Summary: An exploration of how the stories that Movies and TV tell us teach us about what it means to be human in a secular world. (With lots of reference to Charles Taylor)
I have referenced the web magazine Christ and Pop Culture a number of times over the past couple years that I have been a subscriber. I am going to do it yet again. Alissa Wilkinson is a movie critic at Vox (formerly at Christianity Today) and a professor of English and Humanities at King’s College in New York City. She also is a member of the CAPC private Facebook group and I have learned a ton about good criticism from reading her movie reviews and other writing.
After my recent Great Course exploration of modern Philosophy I decided to pick up How to Survive the Apocalypse: Zombies, Faith and Politics at the End of the World. The title may not really describe it well, but this a perfect example of why the magazine Christ and Pop Culture exists.
Christianity can sometimes ignore the importance of stories, in spite of the fact that Jesus (and the bible) seem to have primarily taught through stories. The Great Courses lecture on modern philosophy was occationally hard to track because it did not ground the philosophy enough in experiential examples so that the listener could understand why a particular philosophical idea mattered.
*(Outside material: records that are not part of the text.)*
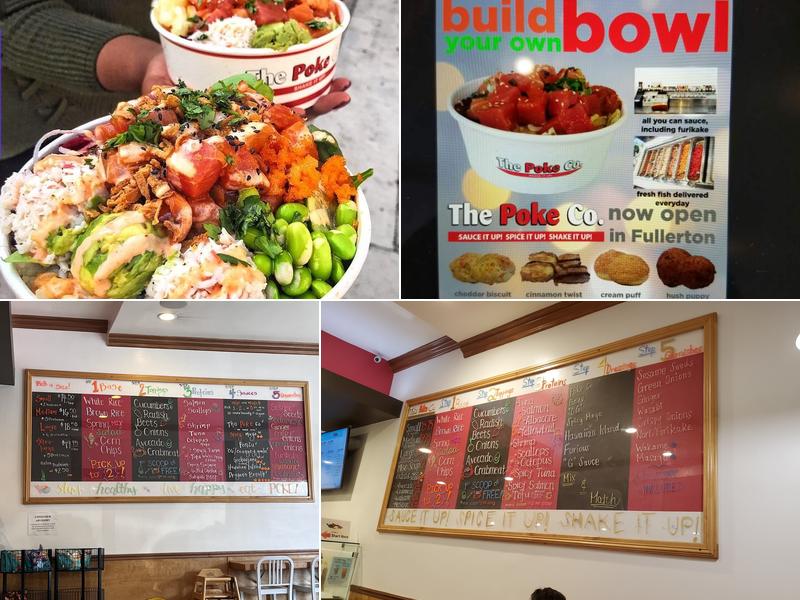 The Poke Co. - Fullerton Menu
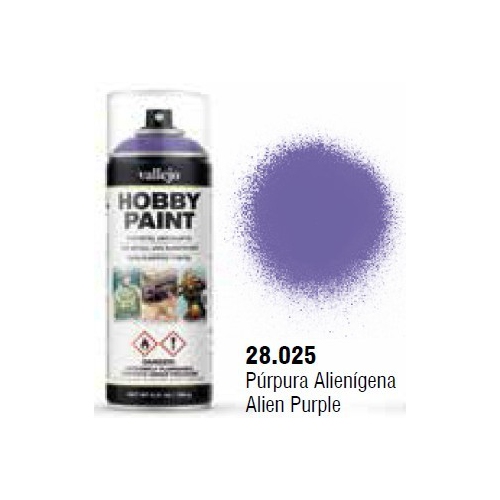 VALLEJO  28.025 Alien Aerosol 400Ml Fantasy Color Primer In Purple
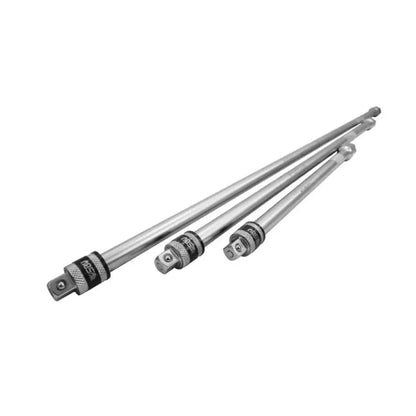 SBV TOOLS 1/4″ Quick Release Locking Extension Bar, 3 pcs Set
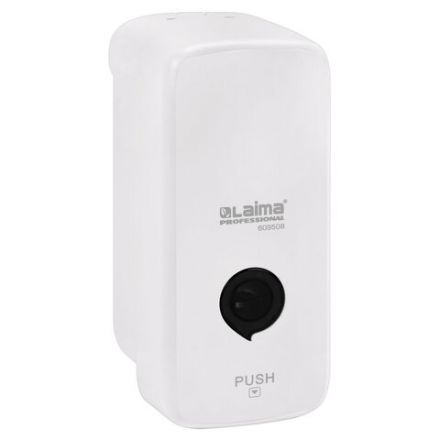Дозатор для жидкого мыла LAIMA PROFESSIONAL PREMIUM, НАЛИВНОЙ, 0,5 л, белый, ABS-пластик, 609508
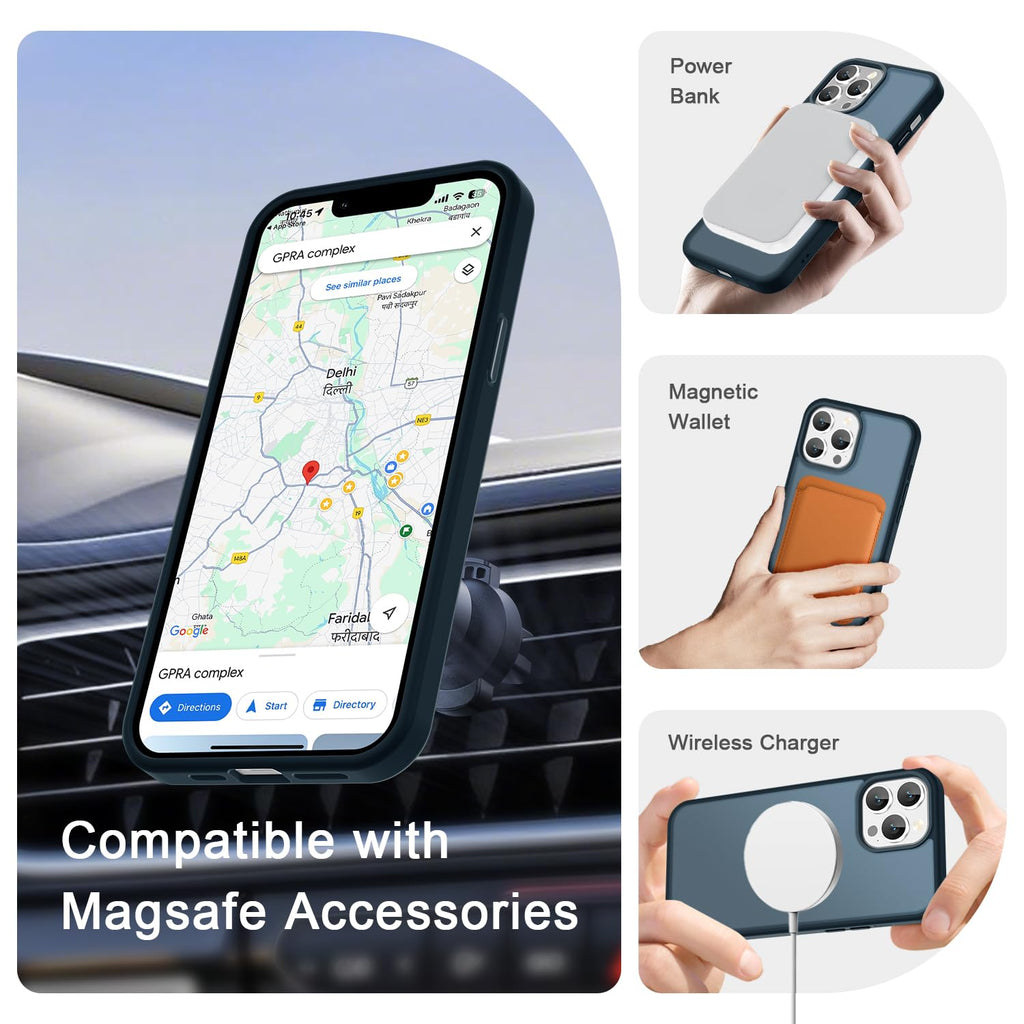 Matte Magnetic Navy Blue Phone Case G976
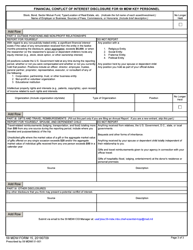59 MDW Form 15 Financial Conflict of Interest Disclosure for 59 Mdw Key Personnel, Page 3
Wilkinson and her co-writer Robert Joustra have grounded their discussion of philosophy in the recent TV and movie obsession with the apocalypse and dystopian stories. Long explorations of Battlestar Galactica, the Walking Dead, Mad Men, Breaking Bad and a number of other shows give context to philosophy so that the reader can understand not only the philosophy being explored but also can understand how good media criticism can give insights into the stories in a way that isn’t possible with just casual watching.